### WHAT THE EXERCISE ASKS
Each entry below is to be copied verbatim.

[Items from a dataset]

-=-=-

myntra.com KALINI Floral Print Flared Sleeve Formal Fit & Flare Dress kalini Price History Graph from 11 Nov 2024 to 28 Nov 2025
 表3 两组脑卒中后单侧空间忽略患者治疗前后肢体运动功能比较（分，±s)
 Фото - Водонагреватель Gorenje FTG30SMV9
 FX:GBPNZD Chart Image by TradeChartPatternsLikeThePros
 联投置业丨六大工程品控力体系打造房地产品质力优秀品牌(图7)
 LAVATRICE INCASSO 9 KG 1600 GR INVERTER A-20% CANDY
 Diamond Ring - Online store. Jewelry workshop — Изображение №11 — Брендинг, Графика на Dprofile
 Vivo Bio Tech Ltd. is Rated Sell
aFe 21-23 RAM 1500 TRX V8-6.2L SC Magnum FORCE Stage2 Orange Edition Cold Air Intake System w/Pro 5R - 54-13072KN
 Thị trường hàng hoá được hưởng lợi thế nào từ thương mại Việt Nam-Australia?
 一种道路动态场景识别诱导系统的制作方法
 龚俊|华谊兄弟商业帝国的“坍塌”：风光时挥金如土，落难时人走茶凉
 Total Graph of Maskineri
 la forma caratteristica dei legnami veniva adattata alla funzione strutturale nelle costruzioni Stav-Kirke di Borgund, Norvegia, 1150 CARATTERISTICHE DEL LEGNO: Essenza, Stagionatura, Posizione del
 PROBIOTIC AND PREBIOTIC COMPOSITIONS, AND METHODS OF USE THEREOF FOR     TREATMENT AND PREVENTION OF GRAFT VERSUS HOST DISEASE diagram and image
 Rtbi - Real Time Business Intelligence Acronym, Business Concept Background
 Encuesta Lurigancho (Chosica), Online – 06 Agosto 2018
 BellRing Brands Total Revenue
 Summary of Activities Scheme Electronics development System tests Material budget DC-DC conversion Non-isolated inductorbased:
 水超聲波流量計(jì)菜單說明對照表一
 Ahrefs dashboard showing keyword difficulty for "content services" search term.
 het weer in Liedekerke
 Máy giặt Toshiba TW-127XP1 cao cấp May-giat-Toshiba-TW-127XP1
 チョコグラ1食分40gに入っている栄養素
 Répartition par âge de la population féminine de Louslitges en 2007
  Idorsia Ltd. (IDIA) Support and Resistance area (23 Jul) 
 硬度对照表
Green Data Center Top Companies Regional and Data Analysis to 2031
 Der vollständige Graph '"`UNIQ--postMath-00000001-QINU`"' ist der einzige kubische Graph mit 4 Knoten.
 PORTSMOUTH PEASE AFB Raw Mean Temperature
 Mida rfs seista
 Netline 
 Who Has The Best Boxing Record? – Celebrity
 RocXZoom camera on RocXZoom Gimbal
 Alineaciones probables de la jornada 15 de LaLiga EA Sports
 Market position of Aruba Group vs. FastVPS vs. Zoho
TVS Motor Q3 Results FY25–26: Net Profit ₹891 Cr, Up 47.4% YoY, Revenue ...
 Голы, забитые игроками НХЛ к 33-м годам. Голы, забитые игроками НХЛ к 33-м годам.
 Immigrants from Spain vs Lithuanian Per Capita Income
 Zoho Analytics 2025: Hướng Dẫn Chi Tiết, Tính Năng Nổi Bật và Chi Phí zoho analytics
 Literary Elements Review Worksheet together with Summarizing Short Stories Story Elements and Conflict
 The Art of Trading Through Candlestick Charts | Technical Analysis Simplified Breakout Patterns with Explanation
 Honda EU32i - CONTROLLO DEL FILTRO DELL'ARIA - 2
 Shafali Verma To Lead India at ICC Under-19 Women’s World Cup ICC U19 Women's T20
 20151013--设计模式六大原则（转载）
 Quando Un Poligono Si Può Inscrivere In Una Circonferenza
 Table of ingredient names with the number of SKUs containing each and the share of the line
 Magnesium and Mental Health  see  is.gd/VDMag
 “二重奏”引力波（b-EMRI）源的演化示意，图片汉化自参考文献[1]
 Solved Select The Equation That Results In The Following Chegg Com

-=-=-

### WRITTEN SOLUTION
myntra.com KALINI Floral Print Flared Sleeve Formal Fit & Flare Dress kalini Price History Graph from 11 Nov 2024 to 28 Nov 2025
 表3 两组脑卒中后单侧空间忽略患者治疗前后肢体运动功能比较（分，±s)
 Фото - Водонагреватель Gorenje FTG30SMV9
 FX:GBPNZD Chart Image by TradeChartPatternsLikeThePros
 联投置业丨六大工程品控力体系打造房地产品质力优秀品牌(图7)
 LAVATRICE INCASSO 9 KG 1600 GR INVERTER A-20% CANDY
 Diamond Ring - Online store. Jewelry workshop — Изображение №11 — Брендинг, Графика на Dprofile
 Vivo Bio Tech Ltd. is Rated Sell
aFe 21-23 RAM 1500 TRX V8-6.2L SC Magnum FORCE Stage2 Orange Edition Cold Air Intake System w/Pro 5R - 54-13072KN
 Thị trường hàng hoá được hưởng lợi thế nào từ thương mại Việt Nam-Australia?
 一种道路动态场景识别诱导系统的制作方法
 龚俊|华谊兄弟商业帝国的“坍塌”：风光时挥金如土，落难时人走茶凉
 Total Graph of Maskineri
 la forma caratteristica dei legnami veniva adattata alla funzione strutturale nelle costruzioni Stav-Kirke di Borgund, Norvegia, 1150 CARATTERISTICHE DEL LEGNO: Essenza, Stagionatura, Posizione del
 PROBIOTIC AND PREBIOTIC COMPOSITIONS, AND METHODS OF USE THEREOF FOR     TREATMENT AND PREVENTION OF GRAFT VERSUS HOST DISEASE diagram and image
 Rtbi - Real Time Business Intelligence Acronym, Business Concept Background
 Encuesta Lurigancho (Chosica), Online – 06 Agosto 2018
 BellRing Brands Total Revenue
 Summary of Activities Scheme Electronics development System tests Material budget DC-DC conversion Non-isolated inductorbased:
 水超聲波流量計(jì)菜單說明對照表一
 Ahrefs dashboard showing keyword difficulty for "content services" search term.
 het weer in Liedekerke
 Máy giặt Toshiba TW-127XP1 cao cấp May-giat-Toshiba-TW-127XP1
 チョコグラ1食分40gに入っている栄養素
 Répartition par âge de la population féminine de Louslitges en 2007
  Idorsia Ltd. (IDIA) Support and Resistance area (23 Jul) 
 硬度对照表
Green Data Center Top Companies Regional and Data Analysis to 2031
 Der vollständige Graph '"`UNIQ--postMath-00000001-QINU`"' ist der einzige kubische Graph mit 4 Knoten.
 PORTSMOUTH PEASE AFB Raw Mean Temperature
 Mida rfs seista
 Netline 
 Who Has The Best Boxing Record? – Celebrity
 RocXZoom camera on RocXZoom Gimbal
 Alineaciones probables de la jornada 15 de LaLiga EA Sports
 Market position of Aruba Group vs. FastVPS vs. Zoho
TVS Motor Q3 Results FY25–26: Net Profit ₹891 Cr, Up 47.4% YoY, Revenue ...
 Голы, забитые игроками НХЛ к 33-м годам. Голы, забитые игроками НХЛ к 33-м годам.
 Immigrants from Spain vs Lithuanian Per Capita Income
 Zoho Analytics 2025: Hướng Dẫn Chi Tiết, Tính Năng Nổi Bật và Chi Phí zoho analytics
 Literary Elements Review Worksheet together with Summarizing Short Stories Story Elements and Conflict
 The Art of Trading Through Candlestick Charts | Technical Analysis Simplified Breakout Patterns with Explanation
 Honda EU32i - CONTROLLO DEL FILTRO DELL'ARIA - 2
 Shafali Verma To Lead India at ICC Under-19 Women’s World Cup ICC U19 Women's T20
 20151013--设计模式六大原则（转载）
 Quando Un Poligono Si Può Inscrivere In Una Circonferenza
 Table of ingredient names with the number of SKUs containing each and the share of the line
 Magnesium and Mental Health  see  is.gd/VDMag
 “二重奏”引力波（b-EMRI）源的演化示意，图片汉化自参考文献[1]
 Solved Select The Equation That Results In The Following Chegg Com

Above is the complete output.